BRIEF - Every entry below should come back unchanged, except that the pictures are dropped.
BEGIN RECORDS TO USE
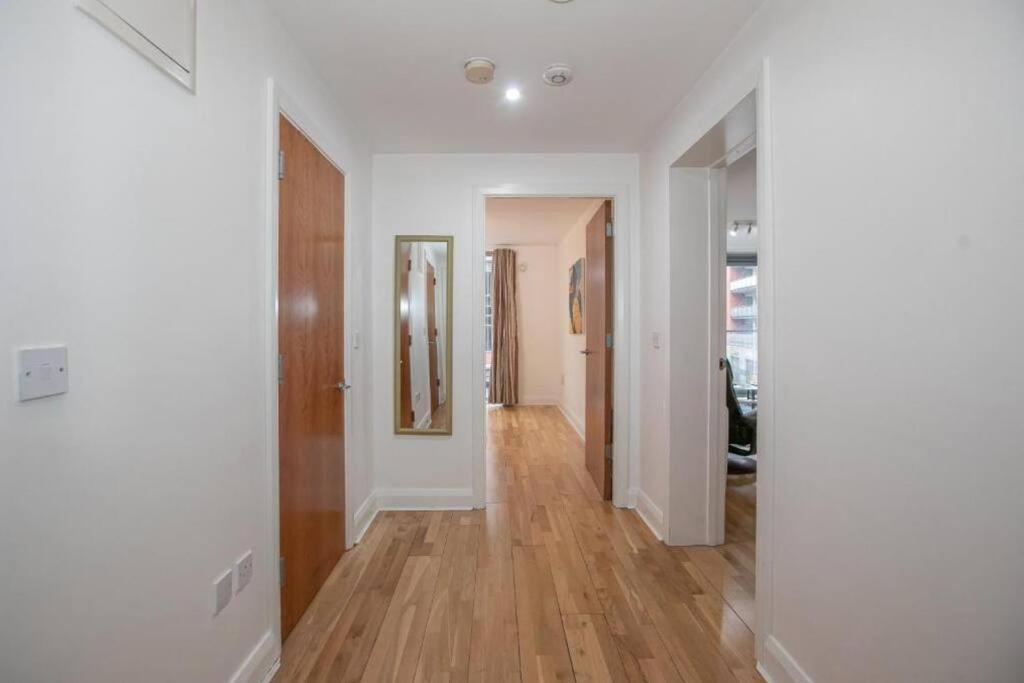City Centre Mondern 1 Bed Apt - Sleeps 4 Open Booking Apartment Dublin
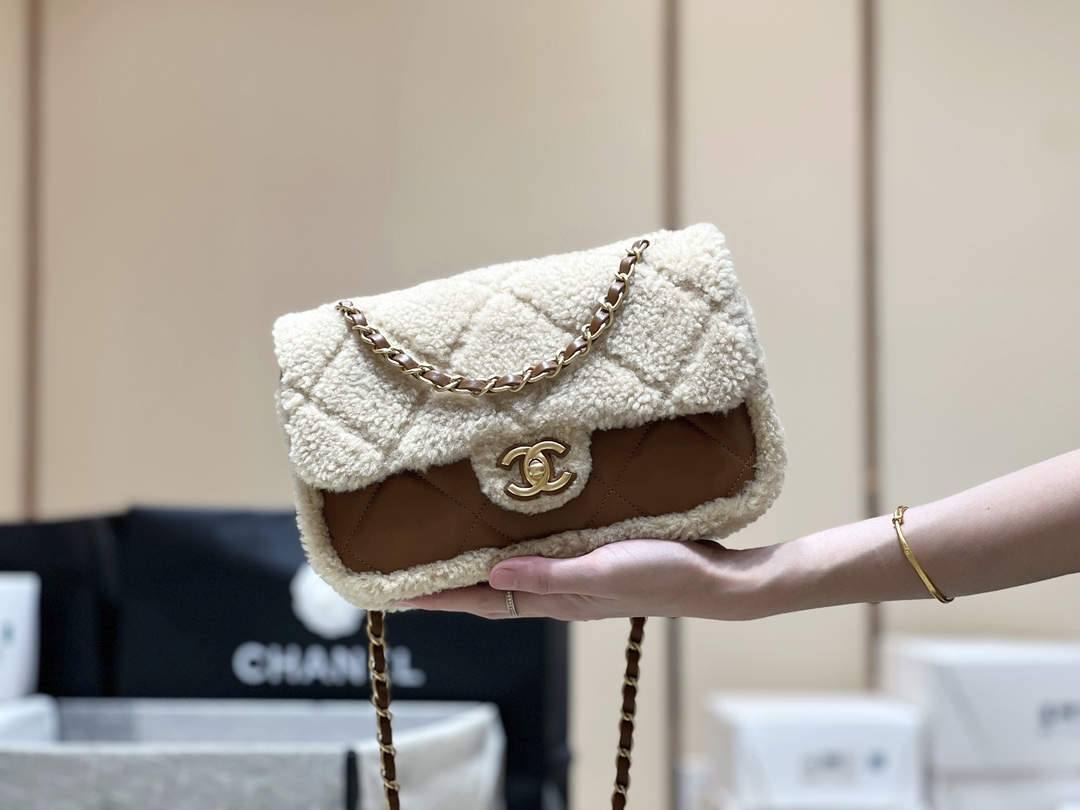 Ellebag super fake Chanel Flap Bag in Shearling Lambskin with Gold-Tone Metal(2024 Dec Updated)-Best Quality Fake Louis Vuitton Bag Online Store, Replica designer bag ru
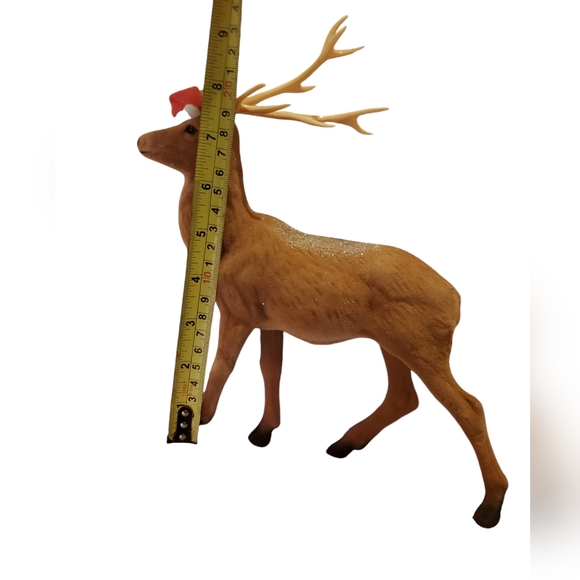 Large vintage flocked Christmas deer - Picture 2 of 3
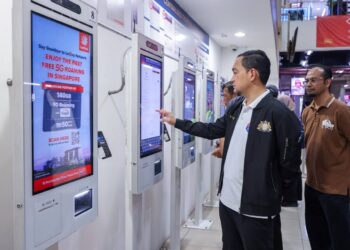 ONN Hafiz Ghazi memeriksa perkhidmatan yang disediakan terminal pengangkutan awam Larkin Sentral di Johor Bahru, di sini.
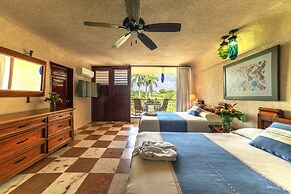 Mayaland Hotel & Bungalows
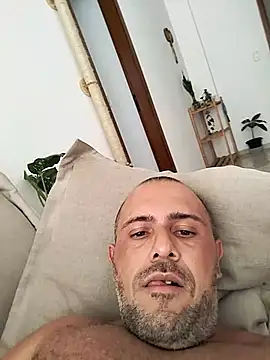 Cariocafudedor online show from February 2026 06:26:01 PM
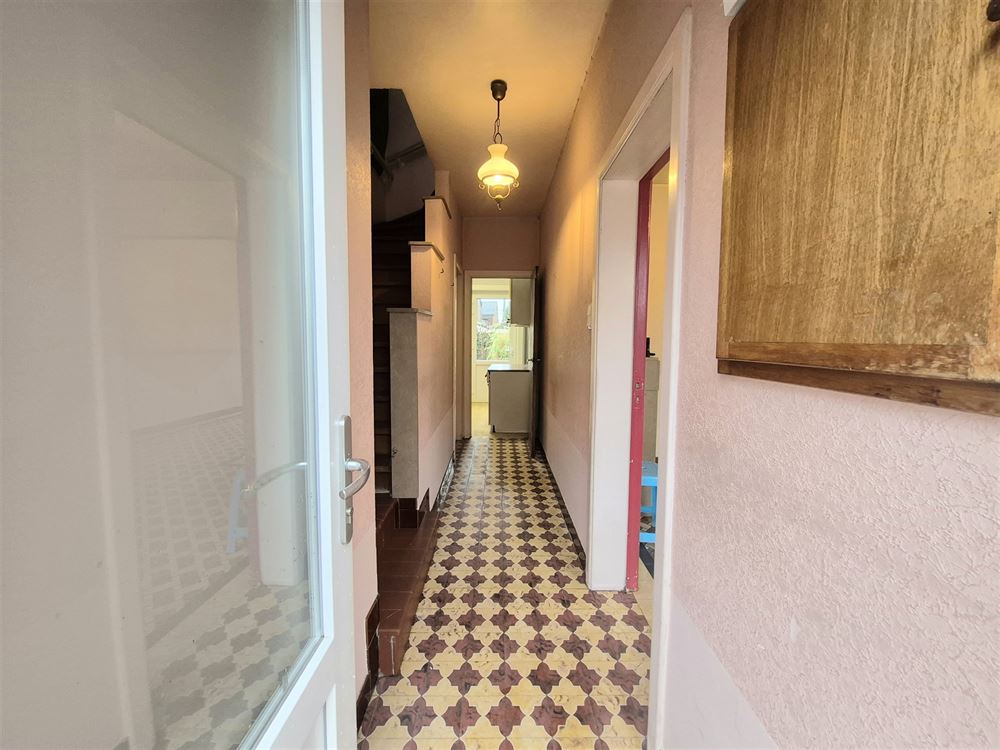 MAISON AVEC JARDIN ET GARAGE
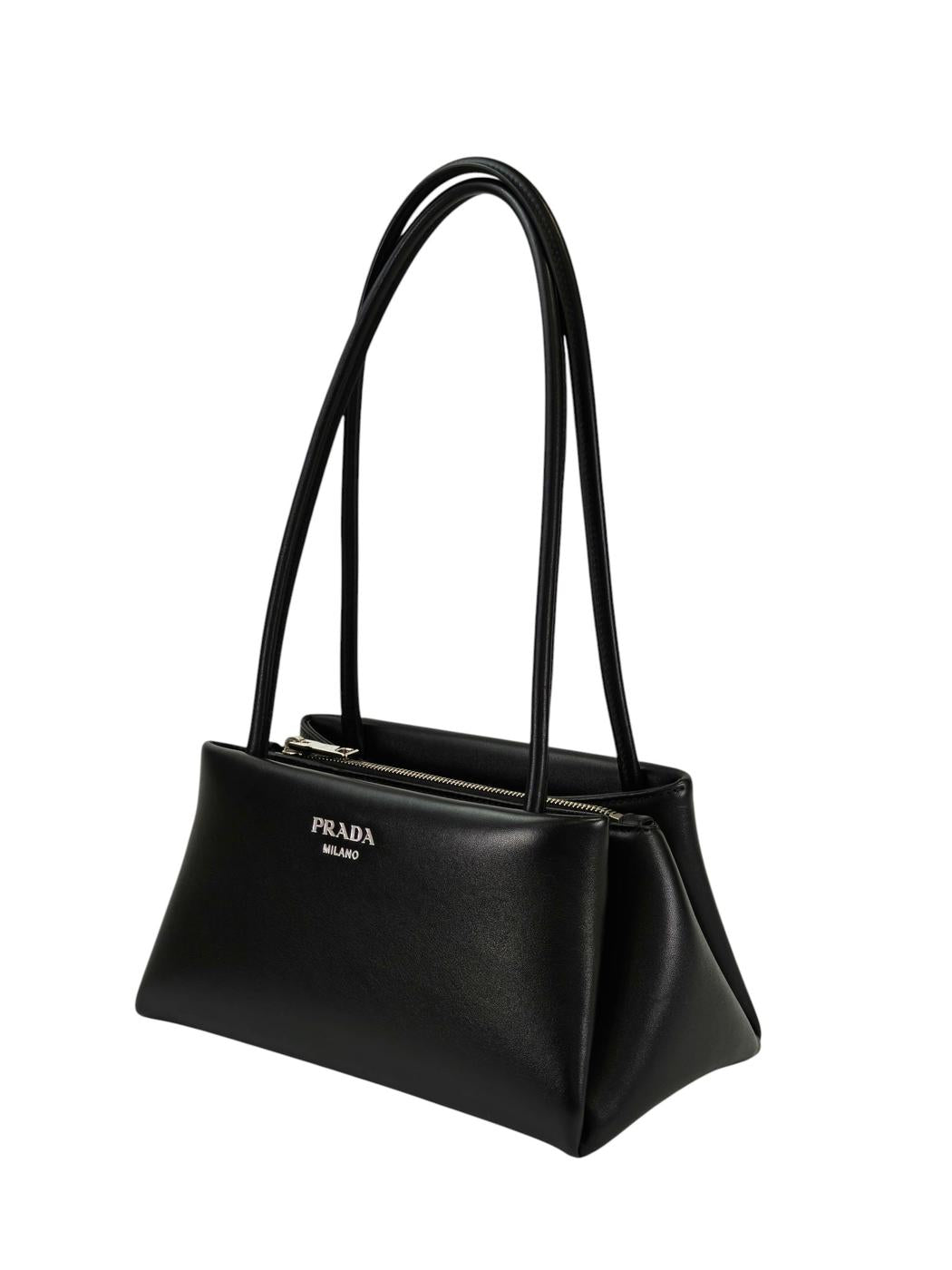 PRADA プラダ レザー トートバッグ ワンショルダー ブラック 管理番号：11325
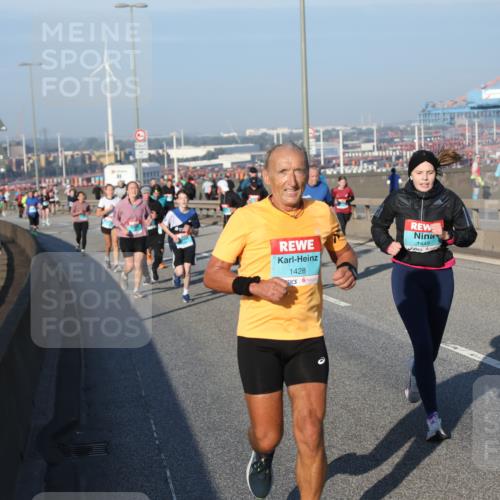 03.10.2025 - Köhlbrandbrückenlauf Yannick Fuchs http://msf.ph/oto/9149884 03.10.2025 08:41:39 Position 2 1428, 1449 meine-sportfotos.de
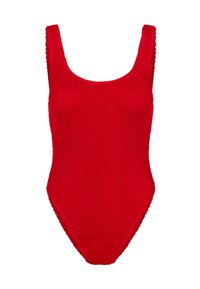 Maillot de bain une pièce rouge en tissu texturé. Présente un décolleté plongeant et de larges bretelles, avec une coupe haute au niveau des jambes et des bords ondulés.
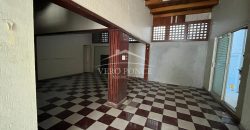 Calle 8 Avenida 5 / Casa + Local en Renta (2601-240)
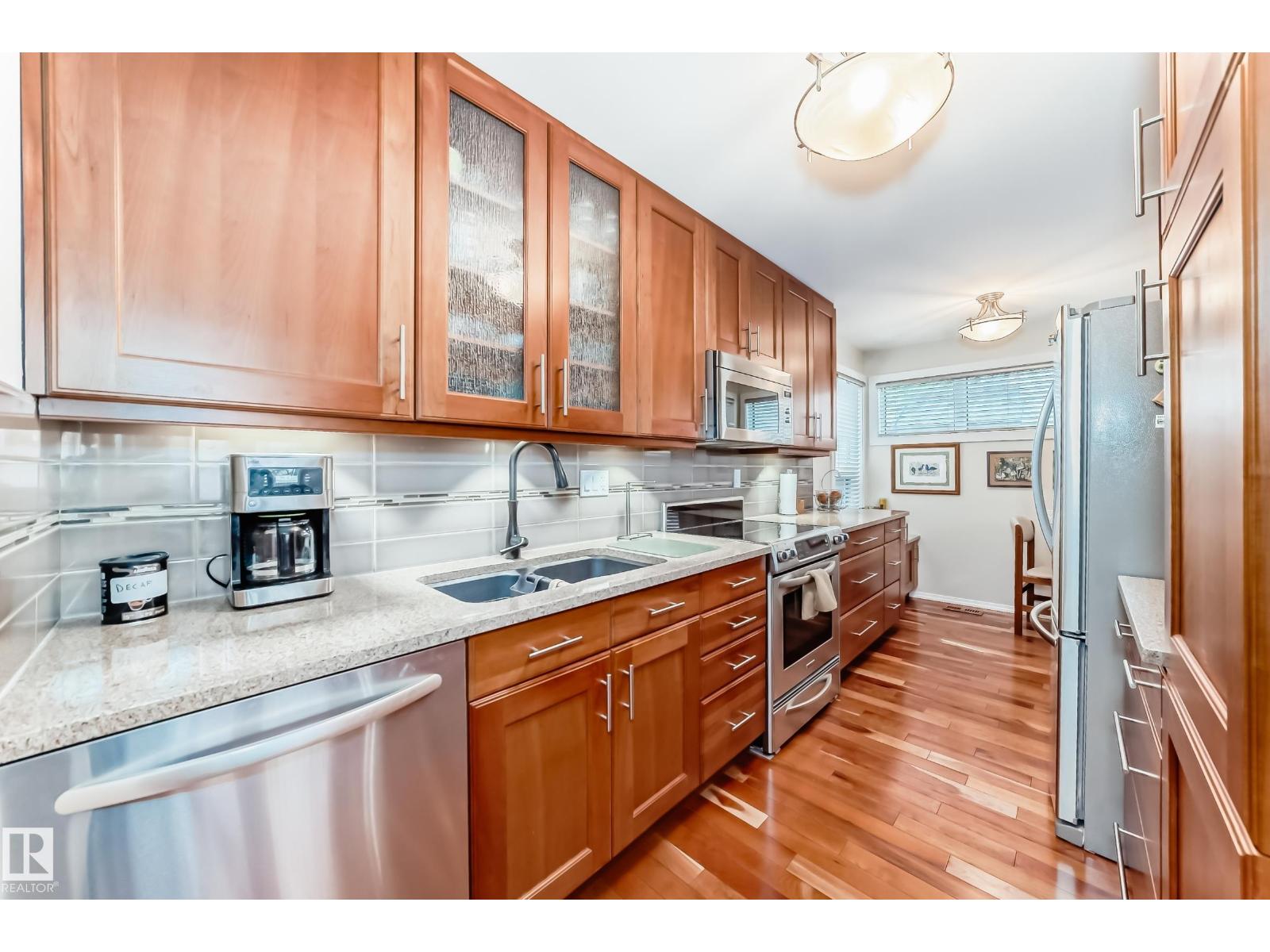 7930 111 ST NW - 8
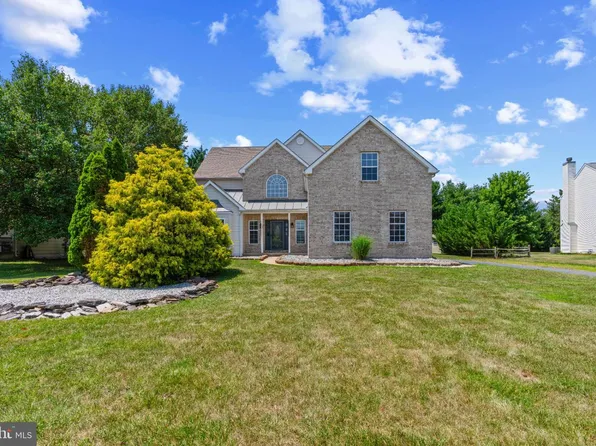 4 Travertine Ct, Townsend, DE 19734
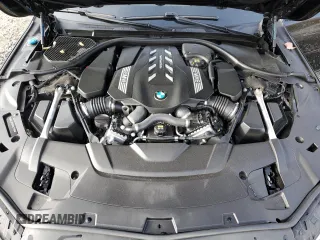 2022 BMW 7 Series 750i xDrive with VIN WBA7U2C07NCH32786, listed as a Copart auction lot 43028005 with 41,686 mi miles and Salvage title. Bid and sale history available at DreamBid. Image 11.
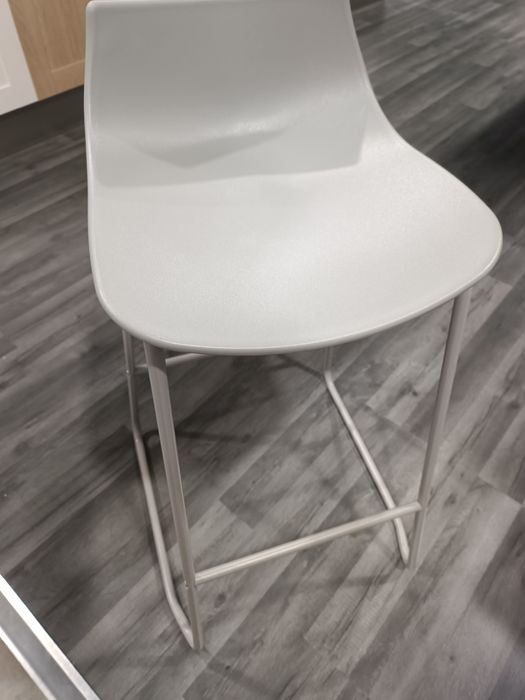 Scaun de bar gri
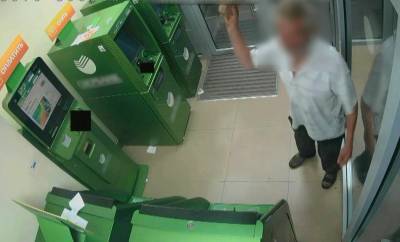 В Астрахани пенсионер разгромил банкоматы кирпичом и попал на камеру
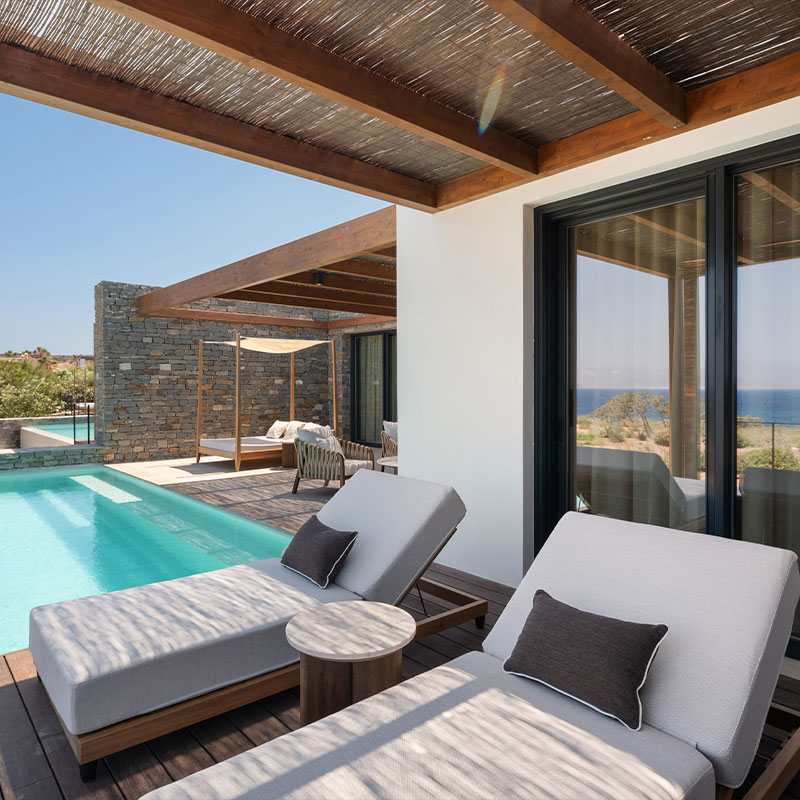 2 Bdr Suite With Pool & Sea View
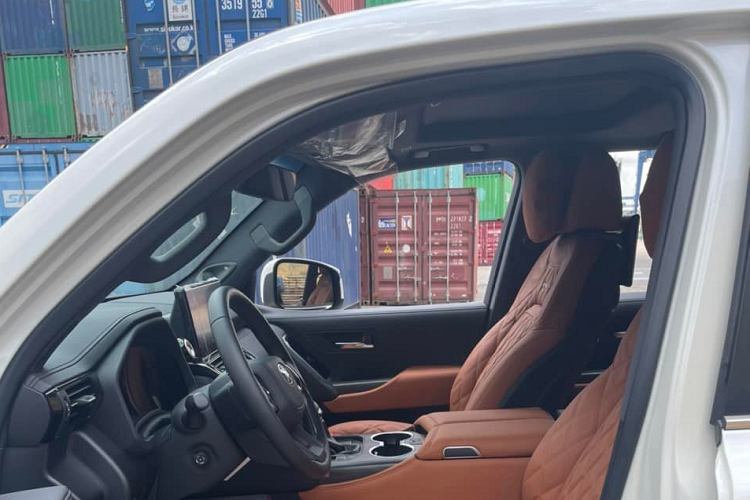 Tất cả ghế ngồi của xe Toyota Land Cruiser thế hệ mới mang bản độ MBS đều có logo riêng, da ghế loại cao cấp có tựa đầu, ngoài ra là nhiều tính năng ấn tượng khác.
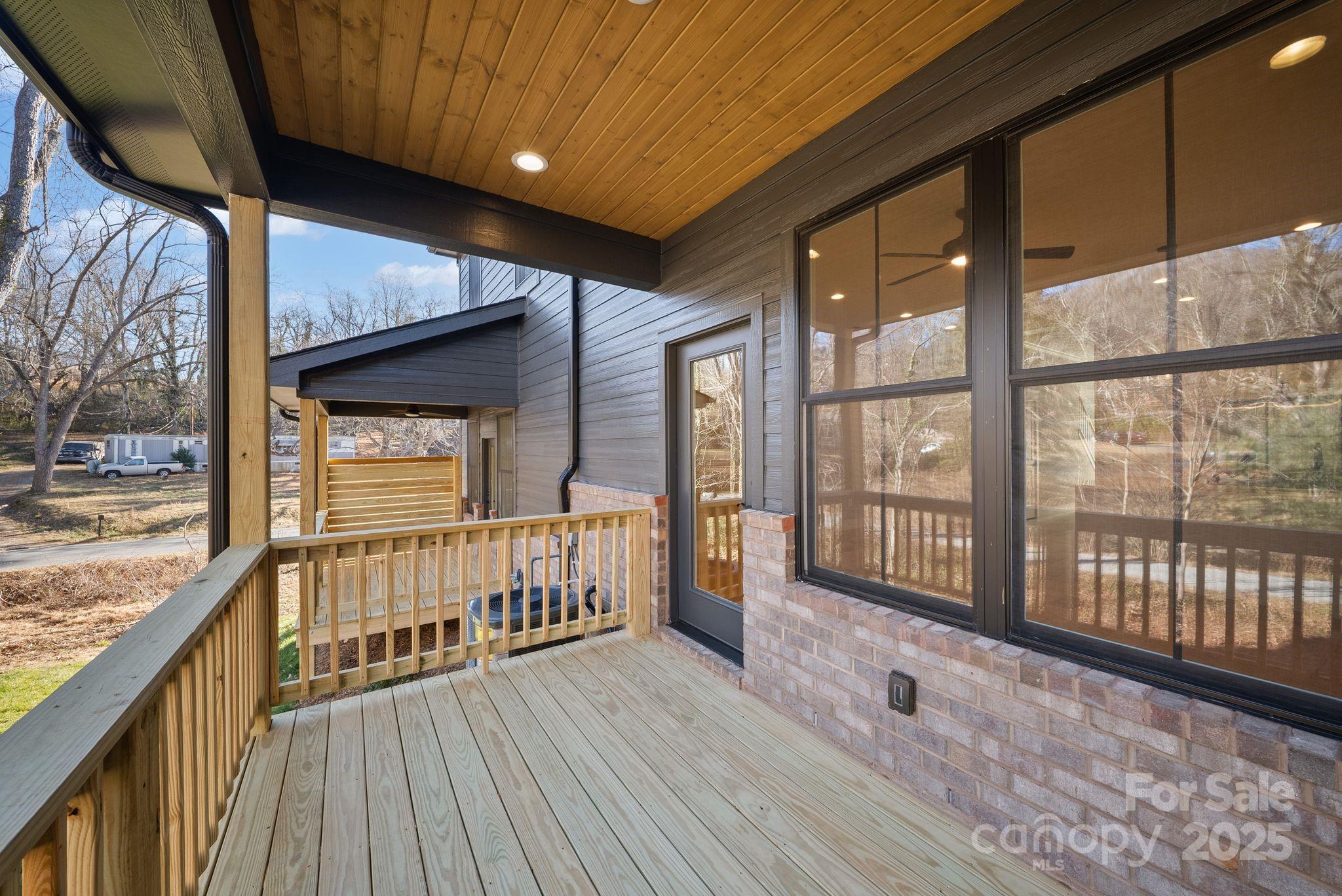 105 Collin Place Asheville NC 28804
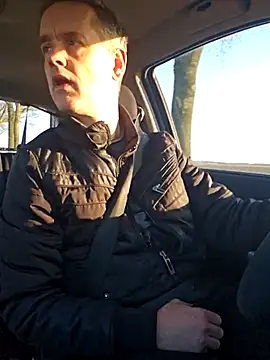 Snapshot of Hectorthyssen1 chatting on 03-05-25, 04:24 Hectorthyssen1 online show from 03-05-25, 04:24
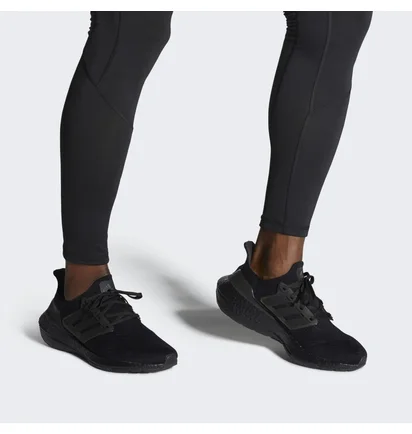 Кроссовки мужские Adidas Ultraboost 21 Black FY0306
END RECORDS TO USE
SOLUTION -
City Centre Mondern 1 Bed Apt - Sleeps 4 Open Booking Apartment Dublin
 Ellebag super fake Chanel Flap Bag in Shearling Lambskin with Gold-Tone Metal(2024 Dec Updated)-Best Quality Fake Louis Vuitton Bag Online Store, Replica designer bag ru
 Large vintage flocked Christmas deer - Picture 2 of 3
 ONN Hafiz Ghazi memeriksa perkhidmatan yang disediakan terminal pengangkutan awam Larkin Sentral di Johor Bahru, di sini.
 Mayaland Hotel & Bungalows
 Cariocafudedor online show from February 2026 06:26:01 PM
 MAISON AVEC JARDIN ET GARAGE
 PRADA プラダ レザー トートバッグ ワンショルダー ブラック 管理番号：11325
 03.10.2025 - Köhlbrandbrückenlauf Yannick Fuchs http://msf.ph/oto/9149884 03.10.2025 08:41:39 Position 2 1428, 1449 meine-sportfotos.de
 Maillot de bain une pièce rouge en tissu texturé. Présente un décolleté plongeant et de larges bretelles, avec une coupe haute au niveau des jambes et des bords ondulés.
 Calle 8 Avenida 5 / Casa + Local en Renta (2601-240)
 7930 111 ST NW - 8
 4 Travertine Ct, Townsend, DE 19734
 2022 BMW 7 Series 750i xDrive with VIN WBA7U2C07NCH32786, listed as a Copart auction lot 43028005 with 41,686 mi miles and Salvage title. Bid and sale history available at DreamBid. Image 11.
 Scaun de bar gri
 В Астрахани пенсионер разгромил банкоматы кирпичом и попал на камеру
 2 Bdr Suite With Pool & Sea View
 Tất cả ghế ngồi của xe Toyota Land Cruiser thế hệ mới mang bản độ MBS đều có logo riêng, da ghế loại cao cấp có tựa đầu, ngoài ra là nhiều tính năng ấn tượng khác.
 105 Collin Place Asheville NC 28804
 Snapshot of Hectorthyssen1 chatting on 03-05-25, 04:24 Hectorthyssen1 online show from 03-05-25, 04:24
 Кроссовки мужские Adidas Ultraboost 21 Black FY0306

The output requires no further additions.